Friday 13 September 2013

2 Lines

I posted a couple of days back about how I'm trying to become a games developer. At the time I was feeling pretty good about the whole thing. Well, as it goes I'm still feeling pretty good about the whole thing, but I have been bashing my head against a brick wall with an issue for the last couple of days.
So the game works, it does everything it needs to in terms of playability. OK the difficulty needs balancing, but I'm happy to say that's coded in such a way that they take only seconds to write (play testing is the awkward thing). So all of my screen transitions up to the game work, the main menu, the pause menu (placeholder graphics, but meh) all good. All I need is a local high score screen and I'm pretty much good to go.

So as ever I think about the components needed to do it correctly:
  • SavedPreference object for holding the score? Check.
  • Sorting function to determine which high score has been achieved? Check
  • Text box for the player to type their name? ...
Ah. Adding text itself isn't an issue* but adding text that an end user can interact with is. So days, literally (not the new meaning *glowers*) spent trying to work out how I could get an editable text box to pop up in front of the user so they can enter their name. Repeated goes at typing very very similar lines of code in slightly different files led me to understanding less and less of what I was reading. My desperation for a resolution sent my commenting and back-up policies out the window.

And then, this morning, a breakthrough! A new view up on screen (floating, as it were, on top of the main screen) from which it will be simple to add one of the Android widgets. Except, well it wasn't. Again. And now the errors that were being thrown were miles out of my comfort zone, null pointer exceptions are fine, but these errors felt like dissertations on multi-threading.

Back to the internet, to the Android documentation, to stackoverflow.com. After a little while trying to find similar issues, I new I needed to add a looper and a handler. But how do they talk? What exactly do I need to do?

Finally out of desperation I took the first part of the code and just stuck it in the one thread I know I have running:
Looper.prepare();

//Some other stuff
Looper.loop();
 And it worked!

I'm still not entirely sure how the handling is being done, or if I'm just being hideously obtuse. For now though I'm just going to take it as a win, and leave the thinking for when I'm more likely to cope with it.

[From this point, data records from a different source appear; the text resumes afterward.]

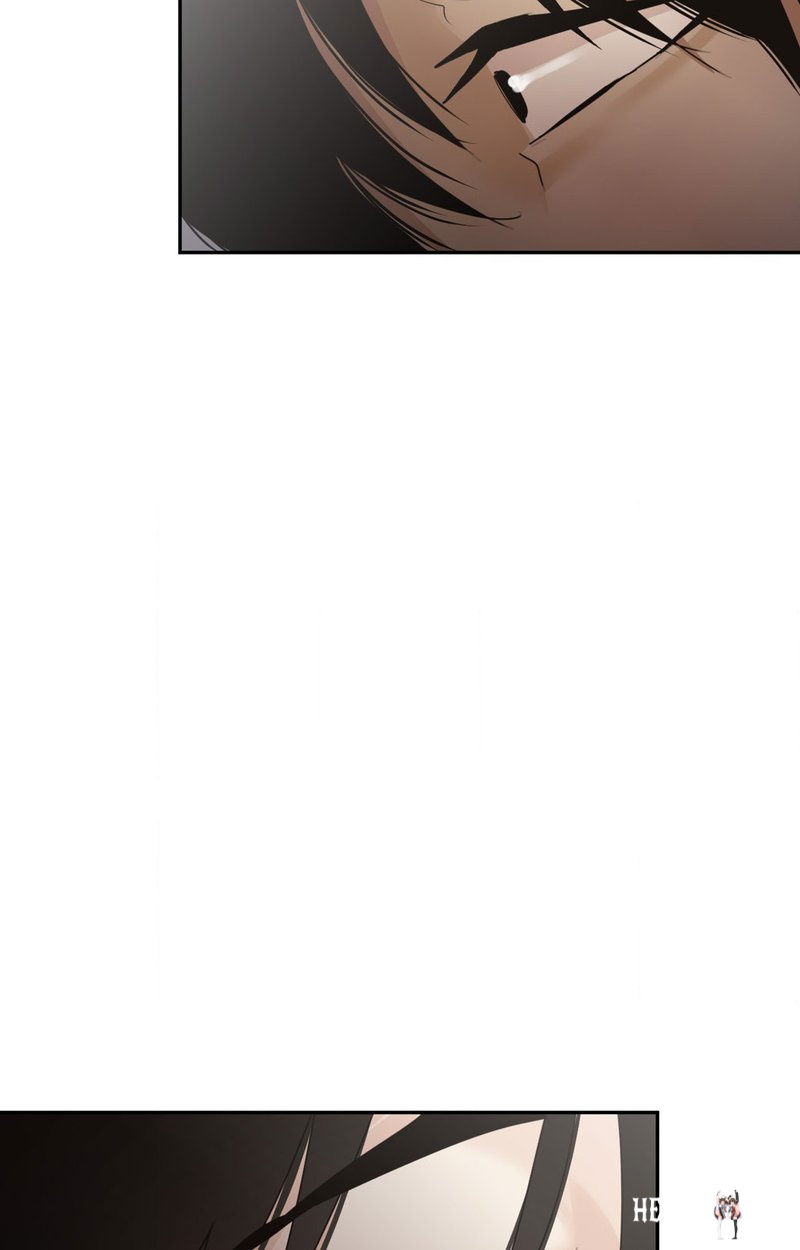 Where the Heart Is Where the Heart Is Chapter 30 - Page 22 Where the Heart Is Where the Heart Is Chapter 30 - Page 22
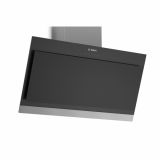 POŠEVNA STENSKA NAPA BOSCH DWK 09G660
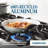 Eco Advantage Ceramic Nonstick Cookware Pots and Pans Set with Cooking Tools, 13 Piece-72863071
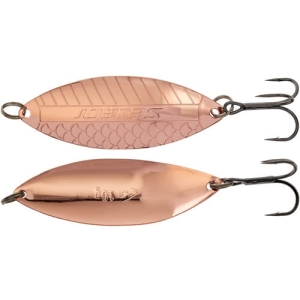 Select Solver 10.0g 71mm #02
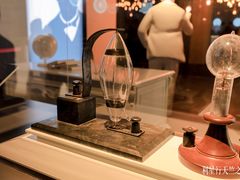 -利星行天竺之星汽车有限公司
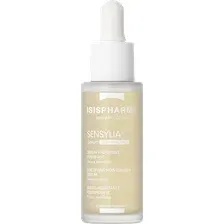 ISISPHARMA Сыворотка Secalia Serum Urban protect увлажняющая тонизирующая для чувствительной и обезвоженной кожи 30 мл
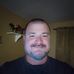 James Berglund - Facebook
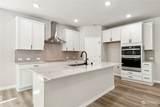 3855 Mccormick Village Drive - Photo 17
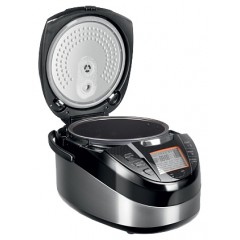 Мультиварка Redmond RMK-M231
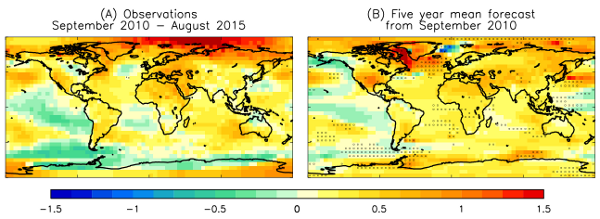 fig4_dp2015_map_obs_fcst_stipple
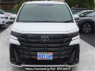 Used 2023 AT toyota vellfire-hybrid AAHH40W Image[2]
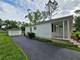 3620 Arthur, Markham, IL 60426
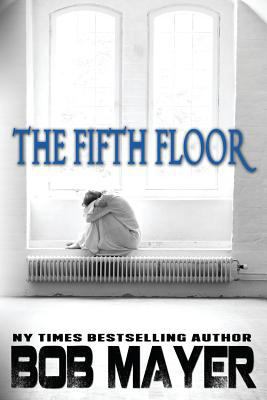 The Fifth Floor 1540614204 Book Cover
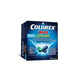 COLDREX Колдрекс Mакс Плюс кашлица капсули при грип и настинка х16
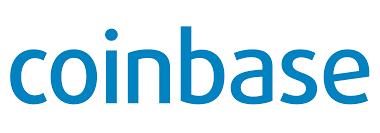 Cryptocurrency exchanges function as online marketplaces that allow you to buy, sell, and transfer a range of virtual assets like dogecoin, bitcoin, and others. How To Buy Icon Icx With Coinbase Binance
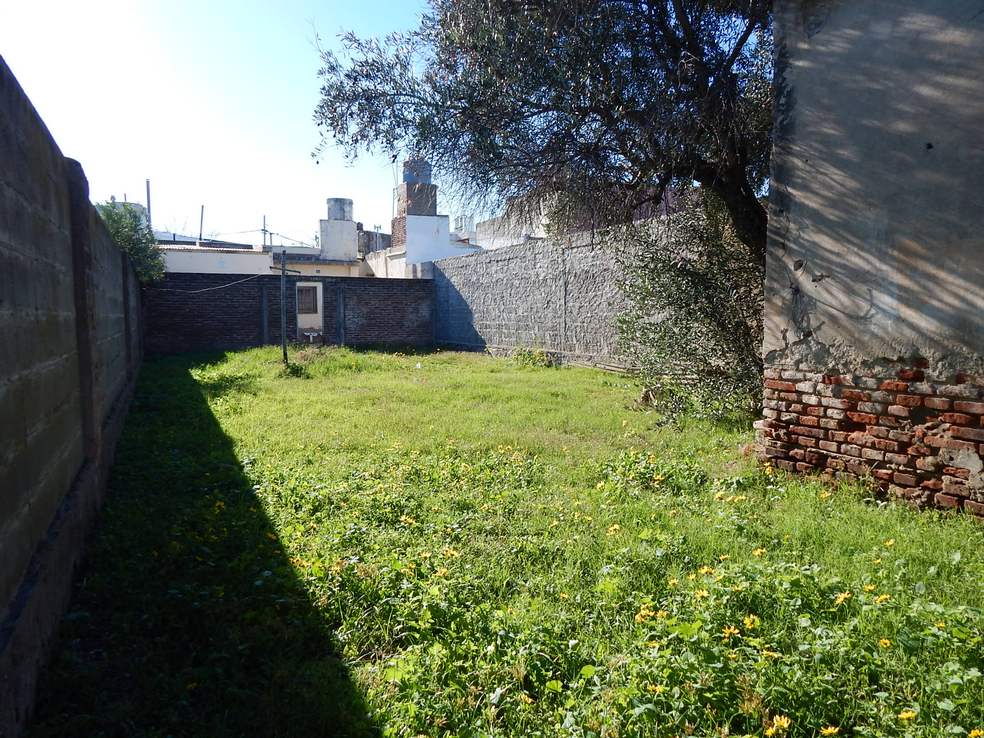 Casa en Venta en RIVADAVIA 1659, Villa Mitre, Bahía Blanca - Bahía Blanca Propiedades | SITIO OFICIAL l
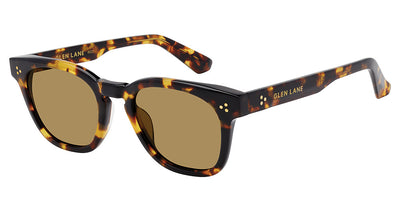 Glen Lane REEDS Eyeglasses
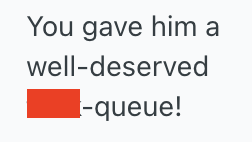 Screenshot 2025 11 02 at 9.58.07 PM Teenager Dealt With A Rude Drive Thru Customer Who Ignored Him Because He Was On His Phone, So He Made The Man Go Back In Line And Order All Over Again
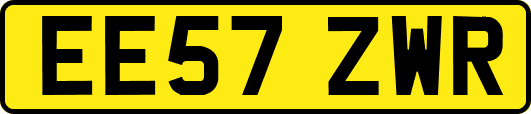EE57ZWR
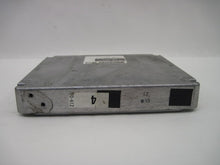 Load image into Gallery viewer, ECU ECM COMPUTER Scion TC 2005 05 2006 06 Auto - 776121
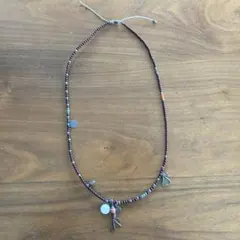 未使用　M.cohen Mコーエン エムコーエン ブレスレット ジョニーデップ 楽天市場】M COHEM エムコーエン ボーン 玉 メンズブレスレット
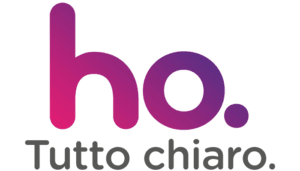 ho Mobile 8.99€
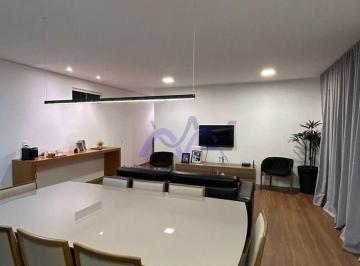 Casa de 2 quartos, Brasília · CASA 2 QUARTOS JARDIM BOTÂNICO + LOCALIZAÇÃO EXCELENTE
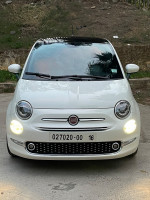 voitures-fiat-500-2023-club-ain-naadja-alger-algerie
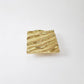 Frac Sand Interior Cabinet Drawer Knobs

*For those interested in this sort of thing, the game framework is based on Mario Zechner's book 'beginning android games' which I discovered through the tutorials at kilobolt.com. The framework uses a surface view to render all the goings on to a single bitmap, which is then scaled and drawn to the resolution of the device.
This works brilliantly but adding additional 'View' components isn't the simplest thing in the world, at least to a novice like me.